(Dataset extract Opens)

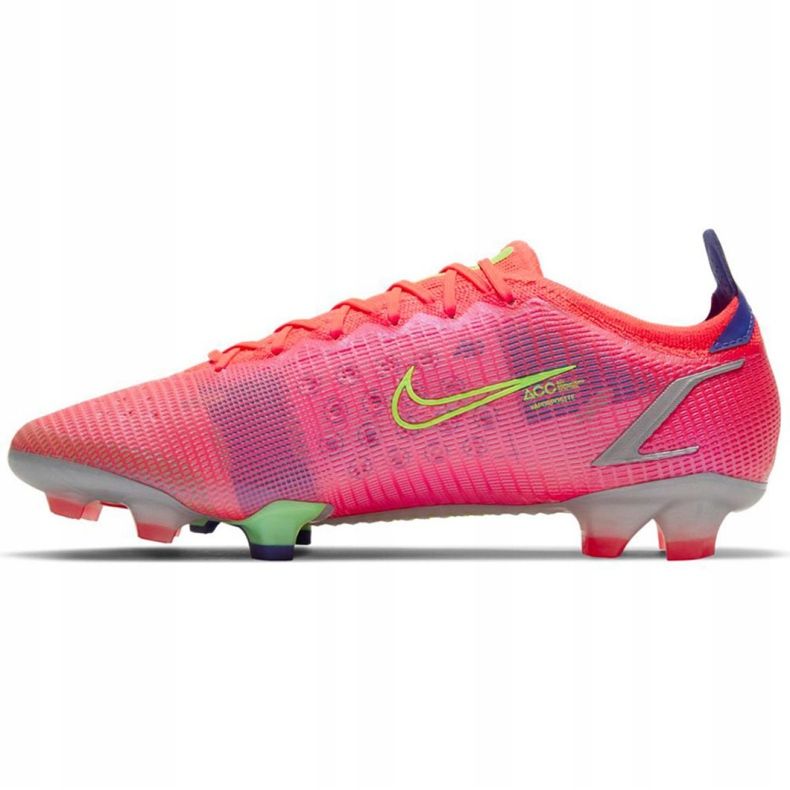 Pantof de fotbal Nike Mercurial Vapor 14 Elite Fg M CQ7635 600 roșu 5 Pantof de fotbal Nike Mercurial Vapor 14 Elite Fg M CQ7635 600 roșu 5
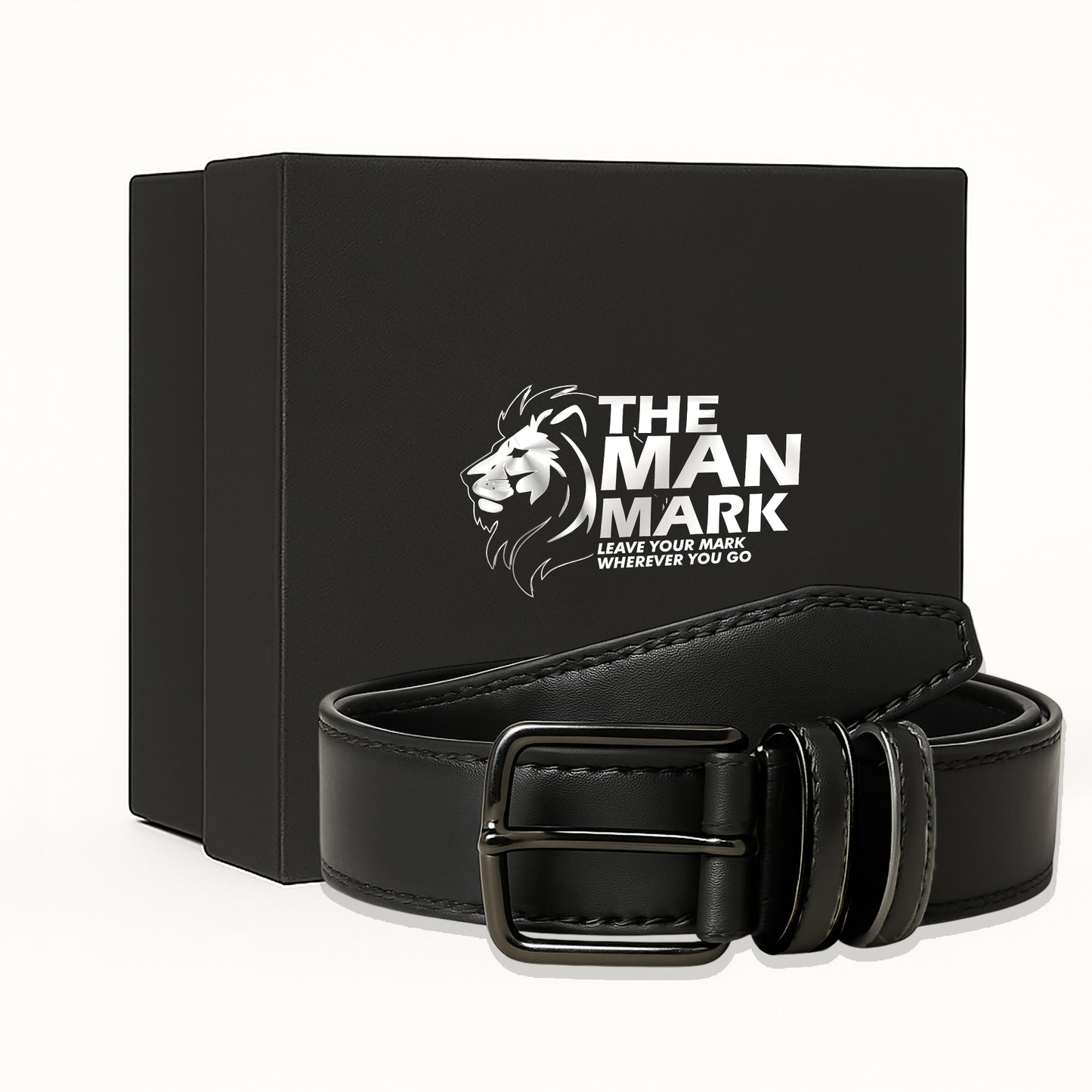 Ironhide Cognac Belt for Men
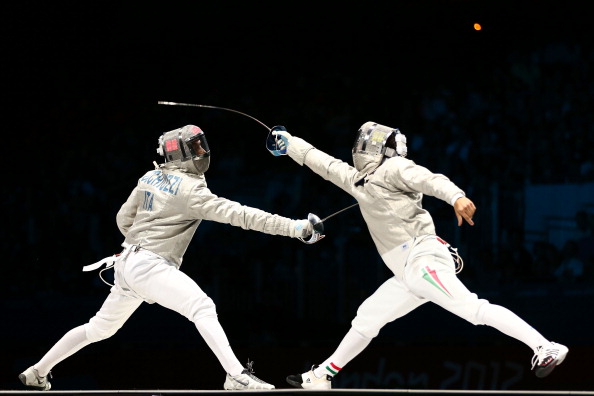 Olympic fencing: Hungarian wins men's sabre gold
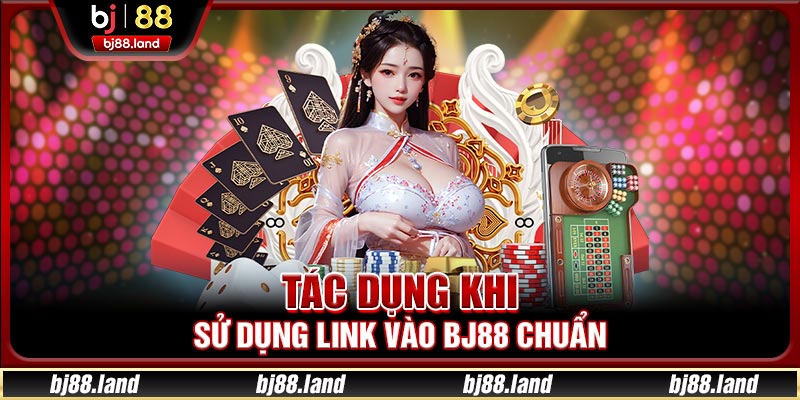 Link Vào BJ88 Chính Thức Giúp Bạn Truy Cập An Toàn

(Dataset extract Closes)

### What is needed
Working from the listing above, retype it exactly but include no images.

### Exercise response
 Pantof de fotbal Nike Mercurial Vapor 14 Elite Fg M CQ7635 600 roșu 5 Pantof de fotbal Nike Mercurial Vapor 14 Elite Fg M CQ7635 600 roșu 5
 Ironhide Cognac Belt for Men
 Olympic fencing: Hungarian wins men's sabre gold
 Link Vào BJ88 Chính Thức Giúp Bạn Truy Cập An Toàn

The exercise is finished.